Cultivating New Orleans Music In England – The End Of An Impossible Dream

Forty4, BJ's, 2015
My band, ‘Forty4’, actually playing to a rare Northwest audience in 2015 who dig our music! Sadly, this club has ceased to operate which is a huge blow to the Northwest Blues circuit. Photograph by Lucas Campbell.

Some things you shouldn’t even try, but what the hell, if the recipe looks good on paper, then why shouldn’t you have a go? Unfortunately, even when the ingredients are right, the cooking is perfect and the dish is served with passion, adventurous cuisine can often fail to arouse the taste buds of regular diners. Continue reading “Cultivating New Orleans Music In England – The End Of An Impossible Dream”

Alan Wills – The Death Of A Giant Taken Down In His Prime

I shouldn’t normally be overly moved at the untimely death of a passing professional acquaintance, but in this case, Alan Wills had a persona and presence too effectual to be left unnoticed by the many people his greatness touched. Today has been a difficult day for me and my colleagues, unable to shrug-off the tragedy that has so suddenly hit the Liverpool musical community. Following a collision with a vehicle last week, knocking him from his bicycle and critically injuring him, Alan Wills lost his fight for survival.

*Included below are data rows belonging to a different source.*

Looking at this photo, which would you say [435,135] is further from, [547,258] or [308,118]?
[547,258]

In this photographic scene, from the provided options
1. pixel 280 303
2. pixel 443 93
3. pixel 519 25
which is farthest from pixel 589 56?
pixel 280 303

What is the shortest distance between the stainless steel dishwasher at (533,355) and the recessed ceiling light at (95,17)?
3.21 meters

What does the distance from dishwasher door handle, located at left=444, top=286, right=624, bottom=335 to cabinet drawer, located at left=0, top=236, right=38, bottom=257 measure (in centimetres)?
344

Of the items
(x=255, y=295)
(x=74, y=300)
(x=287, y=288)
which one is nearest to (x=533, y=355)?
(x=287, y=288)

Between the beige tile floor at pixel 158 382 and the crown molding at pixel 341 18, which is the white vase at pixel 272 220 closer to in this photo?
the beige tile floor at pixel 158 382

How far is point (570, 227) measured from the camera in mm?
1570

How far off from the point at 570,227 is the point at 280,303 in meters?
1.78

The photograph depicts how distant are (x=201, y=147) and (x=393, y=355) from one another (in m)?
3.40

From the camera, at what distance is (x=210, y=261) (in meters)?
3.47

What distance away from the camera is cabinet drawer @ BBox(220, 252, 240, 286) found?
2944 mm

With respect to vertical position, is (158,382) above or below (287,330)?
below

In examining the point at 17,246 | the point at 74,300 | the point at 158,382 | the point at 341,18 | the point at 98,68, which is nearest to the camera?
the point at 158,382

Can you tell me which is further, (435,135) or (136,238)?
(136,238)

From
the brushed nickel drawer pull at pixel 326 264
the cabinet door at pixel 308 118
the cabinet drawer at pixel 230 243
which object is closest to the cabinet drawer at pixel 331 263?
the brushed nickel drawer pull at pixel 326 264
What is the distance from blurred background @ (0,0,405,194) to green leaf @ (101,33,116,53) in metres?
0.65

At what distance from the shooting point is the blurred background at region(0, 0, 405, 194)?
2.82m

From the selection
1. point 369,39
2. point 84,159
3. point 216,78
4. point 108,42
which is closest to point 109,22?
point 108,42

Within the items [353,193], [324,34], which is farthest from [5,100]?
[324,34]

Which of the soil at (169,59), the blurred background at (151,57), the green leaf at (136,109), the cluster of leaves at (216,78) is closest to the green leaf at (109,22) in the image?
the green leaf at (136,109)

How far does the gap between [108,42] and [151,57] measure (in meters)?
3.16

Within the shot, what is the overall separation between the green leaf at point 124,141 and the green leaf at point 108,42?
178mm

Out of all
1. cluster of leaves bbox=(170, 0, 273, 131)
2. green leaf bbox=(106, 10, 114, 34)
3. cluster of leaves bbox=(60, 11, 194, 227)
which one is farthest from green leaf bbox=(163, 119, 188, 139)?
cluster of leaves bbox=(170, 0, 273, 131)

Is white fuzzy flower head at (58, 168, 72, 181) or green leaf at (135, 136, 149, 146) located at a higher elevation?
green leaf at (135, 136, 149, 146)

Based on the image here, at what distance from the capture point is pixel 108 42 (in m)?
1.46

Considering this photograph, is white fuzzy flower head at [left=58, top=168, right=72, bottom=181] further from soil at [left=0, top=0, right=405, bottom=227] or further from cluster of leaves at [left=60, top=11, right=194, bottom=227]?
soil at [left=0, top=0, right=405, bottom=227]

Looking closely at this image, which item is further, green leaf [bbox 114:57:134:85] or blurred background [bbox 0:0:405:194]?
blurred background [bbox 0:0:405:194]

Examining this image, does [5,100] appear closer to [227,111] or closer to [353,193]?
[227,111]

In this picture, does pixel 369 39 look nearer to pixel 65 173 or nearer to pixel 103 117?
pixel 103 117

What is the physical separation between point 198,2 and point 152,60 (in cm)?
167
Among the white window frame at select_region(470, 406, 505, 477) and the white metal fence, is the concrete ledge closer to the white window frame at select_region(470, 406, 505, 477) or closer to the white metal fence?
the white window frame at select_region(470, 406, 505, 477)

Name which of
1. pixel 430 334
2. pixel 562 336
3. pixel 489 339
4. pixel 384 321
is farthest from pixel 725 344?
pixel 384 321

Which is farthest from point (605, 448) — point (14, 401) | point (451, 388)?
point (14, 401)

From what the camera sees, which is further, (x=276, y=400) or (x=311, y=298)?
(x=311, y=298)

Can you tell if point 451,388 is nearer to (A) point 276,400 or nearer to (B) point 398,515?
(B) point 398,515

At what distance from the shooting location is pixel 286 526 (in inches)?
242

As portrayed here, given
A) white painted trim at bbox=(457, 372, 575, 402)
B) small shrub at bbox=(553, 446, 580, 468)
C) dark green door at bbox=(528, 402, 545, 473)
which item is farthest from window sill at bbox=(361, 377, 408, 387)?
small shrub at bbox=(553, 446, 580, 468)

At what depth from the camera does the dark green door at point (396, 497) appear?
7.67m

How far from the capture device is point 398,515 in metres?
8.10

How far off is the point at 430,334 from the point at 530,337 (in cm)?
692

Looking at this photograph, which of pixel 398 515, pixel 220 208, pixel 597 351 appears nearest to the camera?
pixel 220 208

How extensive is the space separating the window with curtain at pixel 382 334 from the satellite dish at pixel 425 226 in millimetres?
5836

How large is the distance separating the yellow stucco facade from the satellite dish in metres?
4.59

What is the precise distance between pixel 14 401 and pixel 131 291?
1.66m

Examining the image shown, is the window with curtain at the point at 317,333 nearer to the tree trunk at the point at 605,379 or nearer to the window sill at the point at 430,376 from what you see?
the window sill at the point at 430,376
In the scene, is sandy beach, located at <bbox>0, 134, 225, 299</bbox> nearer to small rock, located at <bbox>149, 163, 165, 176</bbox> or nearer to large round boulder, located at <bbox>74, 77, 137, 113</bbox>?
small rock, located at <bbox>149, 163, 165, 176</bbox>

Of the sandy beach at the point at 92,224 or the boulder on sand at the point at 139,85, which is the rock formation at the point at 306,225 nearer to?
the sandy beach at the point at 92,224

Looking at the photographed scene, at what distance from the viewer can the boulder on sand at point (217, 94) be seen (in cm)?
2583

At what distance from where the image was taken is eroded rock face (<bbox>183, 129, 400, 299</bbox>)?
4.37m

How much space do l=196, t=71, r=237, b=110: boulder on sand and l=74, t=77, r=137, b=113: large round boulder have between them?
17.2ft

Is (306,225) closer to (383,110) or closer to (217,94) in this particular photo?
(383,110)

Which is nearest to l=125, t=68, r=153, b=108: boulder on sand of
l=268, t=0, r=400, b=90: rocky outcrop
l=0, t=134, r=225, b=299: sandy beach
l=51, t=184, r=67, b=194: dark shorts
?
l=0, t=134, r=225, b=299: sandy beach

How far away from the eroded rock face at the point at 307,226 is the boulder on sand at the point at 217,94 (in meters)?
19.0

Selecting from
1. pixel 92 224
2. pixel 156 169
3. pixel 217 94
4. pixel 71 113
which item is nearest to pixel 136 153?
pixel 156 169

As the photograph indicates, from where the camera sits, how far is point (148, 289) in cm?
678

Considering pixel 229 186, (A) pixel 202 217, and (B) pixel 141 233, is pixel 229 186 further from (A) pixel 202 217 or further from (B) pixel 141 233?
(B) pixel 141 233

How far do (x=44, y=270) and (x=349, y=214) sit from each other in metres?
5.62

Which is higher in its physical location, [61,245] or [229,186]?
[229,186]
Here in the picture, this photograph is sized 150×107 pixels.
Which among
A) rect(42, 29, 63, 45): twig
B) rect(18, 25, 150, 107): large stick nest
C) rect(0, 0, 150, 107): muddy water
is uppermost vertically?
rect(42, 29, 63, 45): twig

A painfully unfair stroke of irony for a man who knew how to succeed and win against the odds in the transient, fickle industry we inhabit.

Alan Wills
Alan Wills – photograph lifted from the Liverpool Echo (we never saw the need to take any of him when he came into work). If the reproduction of this photograph is a problem please let me know.

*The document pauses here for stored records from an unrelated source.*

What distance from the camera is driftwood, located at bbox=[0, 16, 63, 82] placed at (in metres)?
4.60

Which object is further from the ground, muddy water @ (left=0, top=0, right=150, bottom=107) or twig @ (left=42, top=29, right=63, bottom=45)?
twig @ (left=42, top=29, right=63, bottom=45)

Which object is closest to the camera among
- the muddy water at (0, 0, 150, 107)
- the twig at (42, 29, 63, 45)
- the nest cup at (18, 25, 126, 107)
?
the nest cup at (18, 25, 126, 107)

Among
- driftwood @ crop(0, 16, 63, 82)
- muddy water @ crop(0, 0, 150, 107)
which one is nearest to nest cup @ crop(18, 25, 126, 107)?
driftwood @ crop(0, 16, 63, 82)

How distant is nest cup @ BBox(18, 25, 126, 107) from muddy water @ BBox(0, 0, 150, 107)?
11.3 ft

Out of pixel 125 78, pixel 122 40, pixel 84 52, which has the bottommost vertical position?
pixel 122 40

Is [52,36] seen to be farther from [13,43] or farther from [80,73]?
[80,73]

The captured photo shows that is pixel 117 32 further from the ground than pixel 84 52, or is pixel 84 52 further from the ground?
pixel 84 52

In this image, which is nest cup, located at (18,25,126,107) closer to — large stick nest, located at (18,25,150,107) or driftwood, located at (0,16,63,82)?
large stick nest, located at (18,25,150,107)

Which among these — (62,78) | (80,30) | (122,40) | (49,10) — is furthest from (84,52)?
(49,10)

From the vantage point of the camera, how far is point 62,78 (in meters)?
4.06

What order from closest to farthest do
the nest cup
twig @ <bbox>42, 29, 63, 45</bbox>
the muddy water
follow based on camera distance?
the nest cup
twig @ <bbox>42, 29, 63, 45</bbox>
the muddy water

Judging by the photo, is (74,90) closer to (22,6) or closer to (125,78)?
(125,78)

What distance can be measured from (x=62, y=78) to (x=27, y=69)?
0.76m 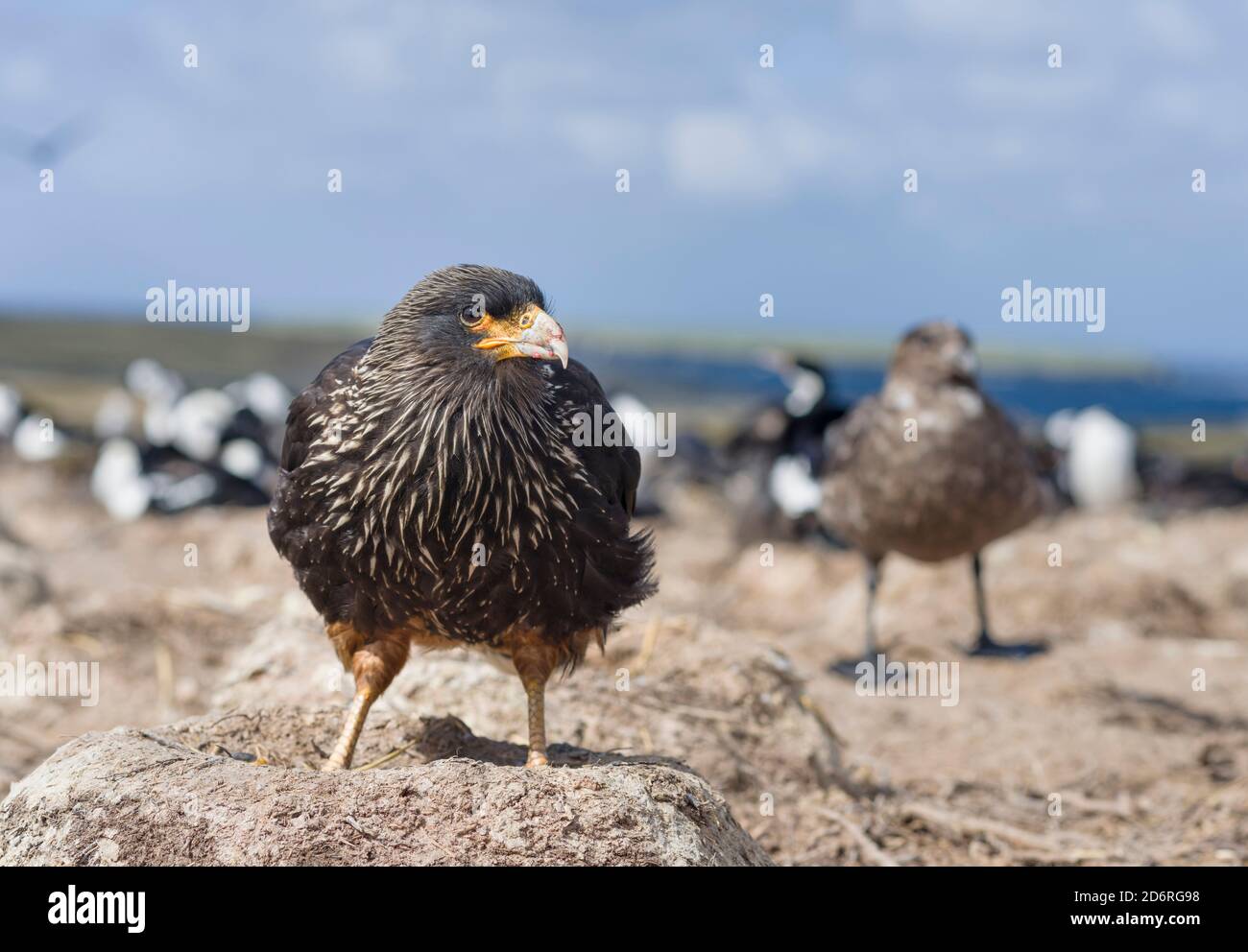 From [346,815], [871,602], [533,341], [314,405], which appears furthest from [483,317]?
[871,602]

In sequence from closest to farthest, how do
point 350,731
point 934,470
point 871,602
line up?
point 350,731
point 934,470
point 871,602

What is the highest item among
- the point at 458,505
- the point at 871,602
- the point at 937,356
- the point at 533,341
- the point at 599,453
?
the point at 937,356

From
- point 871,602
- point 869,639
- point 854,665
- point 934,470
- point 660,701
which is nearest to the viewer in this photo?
point 660,701

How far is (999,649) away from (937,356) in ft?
6.94

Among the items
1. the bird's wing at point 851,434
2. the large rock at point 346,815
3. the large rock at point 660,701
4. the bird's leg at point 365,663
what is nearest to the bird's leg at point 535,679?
the bird's leg at point 365,663

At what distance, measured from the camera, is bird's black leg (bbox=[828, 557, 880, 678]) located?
9.71 metres

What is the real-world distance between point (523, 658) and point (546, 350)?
1017 millimetres

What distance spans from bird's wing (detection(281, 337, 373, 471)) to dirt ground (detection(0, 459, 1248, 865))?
3.42 feet

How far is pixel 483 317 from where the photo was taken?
14.7 ft

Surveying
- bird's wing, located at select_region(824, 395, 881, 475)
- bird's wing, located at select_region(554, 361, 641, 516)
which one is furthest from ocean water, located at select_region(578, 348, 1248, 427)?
bird's wing, located at select_region(554, 361, 641, 516)

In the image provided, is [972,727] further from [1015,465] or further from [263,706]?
[263,706]

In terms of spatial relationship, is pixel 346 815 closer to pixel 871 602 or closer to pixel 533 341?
pixel 533 341

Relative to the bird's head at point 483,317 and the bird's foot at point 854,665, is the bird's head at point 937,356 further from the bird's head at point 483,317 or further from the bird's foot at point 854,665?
the bird's head at point 483,317

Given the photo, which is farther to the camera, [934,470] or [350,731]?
[934,470] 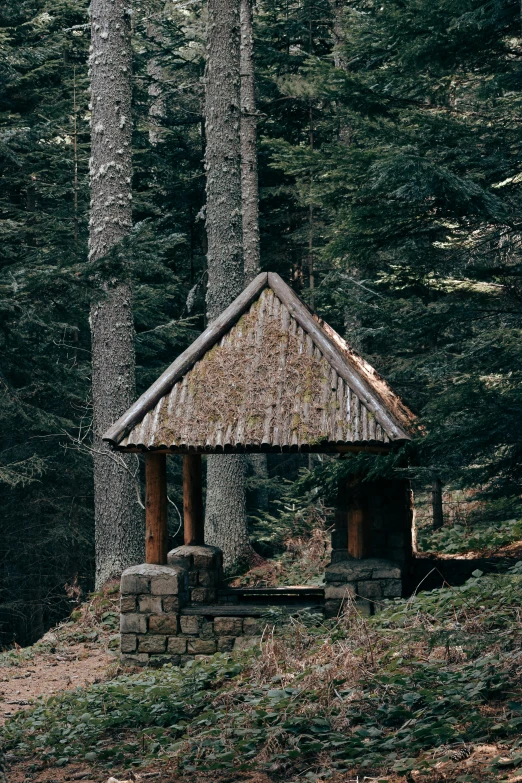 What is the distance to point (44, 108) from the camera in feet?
65.8

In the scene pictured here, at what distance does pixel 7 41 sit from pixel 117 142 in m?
8.24

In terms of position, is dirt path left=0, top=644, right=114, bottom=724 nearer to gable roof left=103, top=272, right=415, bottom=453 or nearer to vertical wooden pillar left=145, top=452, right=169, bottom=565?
vertical wooden pillar left=145, top=452, right=169, bottom=565

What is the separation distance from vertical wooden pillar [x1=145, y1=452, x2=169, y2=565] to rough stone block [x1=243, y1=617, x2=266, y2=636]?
4.13 ft

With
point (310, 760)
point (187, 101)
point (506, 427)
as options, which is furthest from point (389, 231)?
point (187, 101)

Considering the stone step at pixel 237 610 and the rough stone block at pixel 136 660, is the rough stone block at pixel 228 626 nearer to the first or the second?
the stone step at pixel 237 610

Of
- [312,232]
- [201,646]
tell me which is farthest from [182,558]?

My first knowledge of Alan Wills came via a guitarist friend of mine, Rob Boardman (ex ‘Personal Column’, Jass Babies’ amongst others), around 1990 when Alan was playing drums for Island records signing, ‘Top’.  I’d been in a few bands with Rob and had watched his interest in cutting edge home recording techniques flourish rapidly, thanks to the circles he was mixing within. One name that kept cropping up was Alan’s – “you need to check out a guy called Alan Wills, plays for a band called ‘Top’, signed to Island they are!” Rob would tell me; and hear of him I did. As soon as Rob managed to get a computer setup advanced enough to load wave samples, Alan was giving him DAT’s of drum loops he’d made that Rob would cut up and use in his own recordings – for free. This was pretty state-of-the-art for the time – especially ‘oop north’ in Liverpool!

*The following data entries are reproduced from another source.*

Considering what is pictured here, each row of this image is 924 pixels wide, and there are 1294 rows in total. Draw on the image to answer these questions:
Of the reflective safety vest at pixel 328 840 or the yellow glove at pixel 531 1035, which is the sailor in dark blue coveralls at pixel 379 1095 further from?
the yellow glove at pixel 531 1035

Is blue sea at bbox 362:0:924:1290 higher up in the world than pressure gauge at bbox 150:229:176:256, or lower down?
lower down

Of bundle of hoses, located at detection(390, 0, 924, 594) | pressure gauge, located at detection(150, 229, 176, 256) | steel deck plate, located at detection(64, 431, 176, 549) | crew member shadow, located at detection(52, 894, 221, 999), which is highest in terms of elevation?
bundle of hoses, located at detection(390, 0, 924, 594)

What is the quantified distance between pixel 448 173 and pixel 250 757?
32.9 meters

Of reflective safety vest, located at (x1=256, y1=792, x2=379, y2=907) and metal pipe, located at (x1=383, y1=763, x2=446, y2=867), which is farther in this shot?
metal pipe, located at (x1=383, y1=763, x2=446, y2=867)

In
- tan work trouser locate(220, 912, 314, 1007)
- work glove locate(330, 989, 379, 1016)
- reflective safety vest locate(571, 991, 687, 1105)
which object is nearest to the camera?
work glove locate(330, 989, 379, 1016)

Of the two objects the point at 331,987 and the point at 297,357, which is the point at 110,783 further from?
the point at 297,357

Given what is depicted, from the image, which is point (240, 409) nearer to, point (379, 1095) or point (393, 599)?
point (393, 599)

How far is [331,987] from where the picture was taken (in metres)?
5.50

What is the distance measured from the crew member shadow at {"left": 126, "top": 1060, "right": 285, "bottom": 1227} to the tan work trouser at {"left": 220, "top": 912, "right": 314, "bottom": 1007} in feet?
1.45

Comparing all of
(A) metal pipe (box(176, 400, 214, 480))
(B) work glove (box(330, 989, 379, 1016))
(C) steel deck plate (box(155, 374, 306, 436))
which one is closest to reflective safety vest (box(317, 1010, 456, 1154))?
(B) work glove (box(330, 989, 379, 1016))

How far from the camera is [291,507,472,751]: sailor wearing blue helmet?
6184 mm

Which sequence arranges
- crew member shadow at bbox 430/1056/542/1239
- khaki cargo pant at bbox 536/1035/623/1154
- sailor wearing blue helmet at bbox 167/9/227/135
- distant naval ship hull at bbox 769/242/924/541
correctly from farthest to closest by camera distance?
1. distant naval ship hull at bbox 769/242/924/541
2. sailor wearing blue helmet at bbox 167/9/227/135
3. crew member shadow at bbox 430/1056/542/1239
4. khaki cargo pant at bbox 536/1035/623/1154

In due course, Rob’s involvement with Alan and the studio/management organisation he had set up with Steve Powell and Mark Cowley (both ex ‘The Balcony’) at Clarence Street Studios brought me the opportunity to increase my own musical network and find new bands to work with. By 1993 the company had two bands on their roster, one named ‘Space’, the other ‘Rise’. The latter group needed a drummer, I got the job. The demo recordings I was given to learn featured Alan’s (latterly forgotten) drumming skills, showing off a lovely feel I would be expected to try and reproduce when I took over the drum chair.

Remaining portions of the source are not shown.